(Information supplied begins)

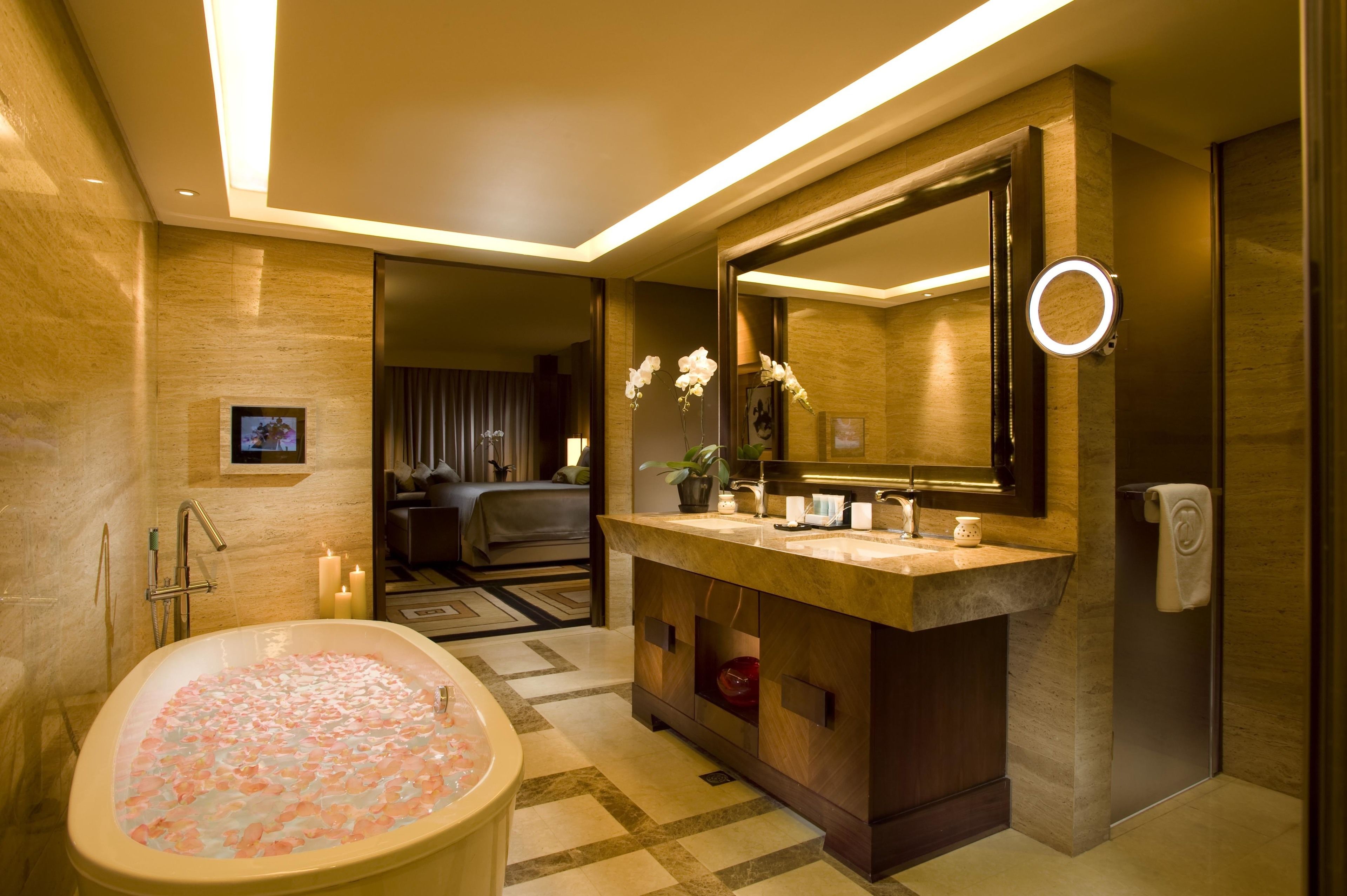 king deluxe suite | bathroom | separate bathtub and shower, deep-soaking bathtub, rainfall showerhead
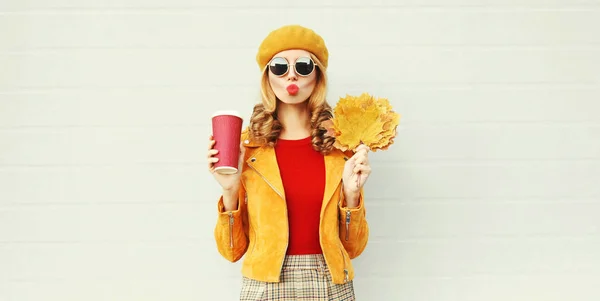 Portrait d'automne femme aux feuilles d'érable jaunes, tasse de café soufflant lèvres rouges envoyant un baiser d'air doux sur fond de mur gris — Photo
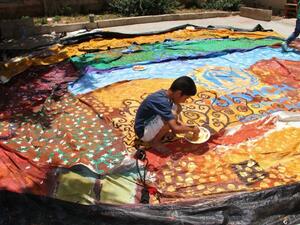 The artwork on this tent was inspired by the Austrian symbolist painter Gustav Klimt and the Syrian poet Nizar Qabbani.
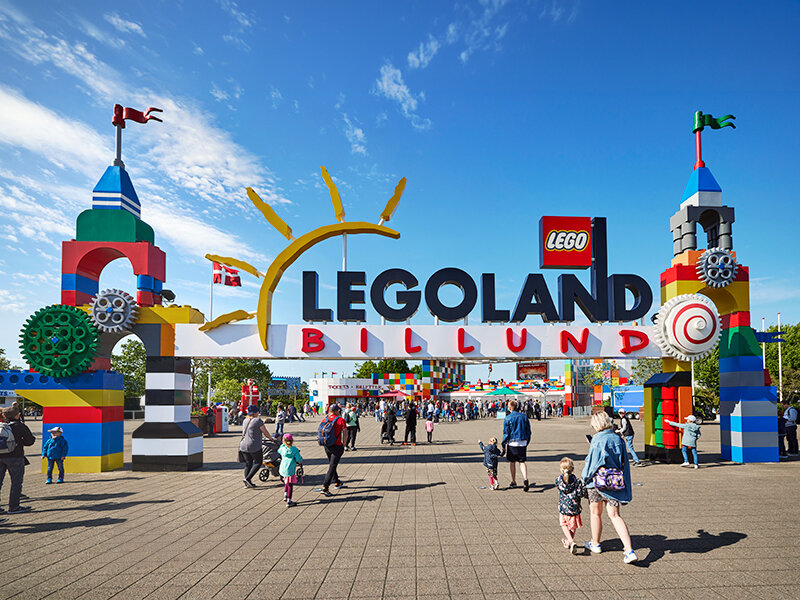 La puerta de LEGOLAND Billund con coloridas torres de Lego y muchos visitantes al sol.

(Information supplied ends)

**What the exercise asks:**
Write the material out again exactly as it appears, dropping the pictures.

**Result:**
 king deluxe suite | bathroom | separate bathtub and shower, deep-soaking bathtub, rainfall showerhead
 Portrait d'automne femme aux feuilles d'érable jaunes, tasse de café soufflant lèvres rouges envoyant un baiser d'air doux sur fond de mur gris — Photo
 The artwork on this tent was inspired by the Austrian symbolist painter Gustav Klimt and the Syrian poet Nizar Qabbani.
 La puerta de LEGOLAND Billund con coloridas torres de Lego y muchos visitantes al sol.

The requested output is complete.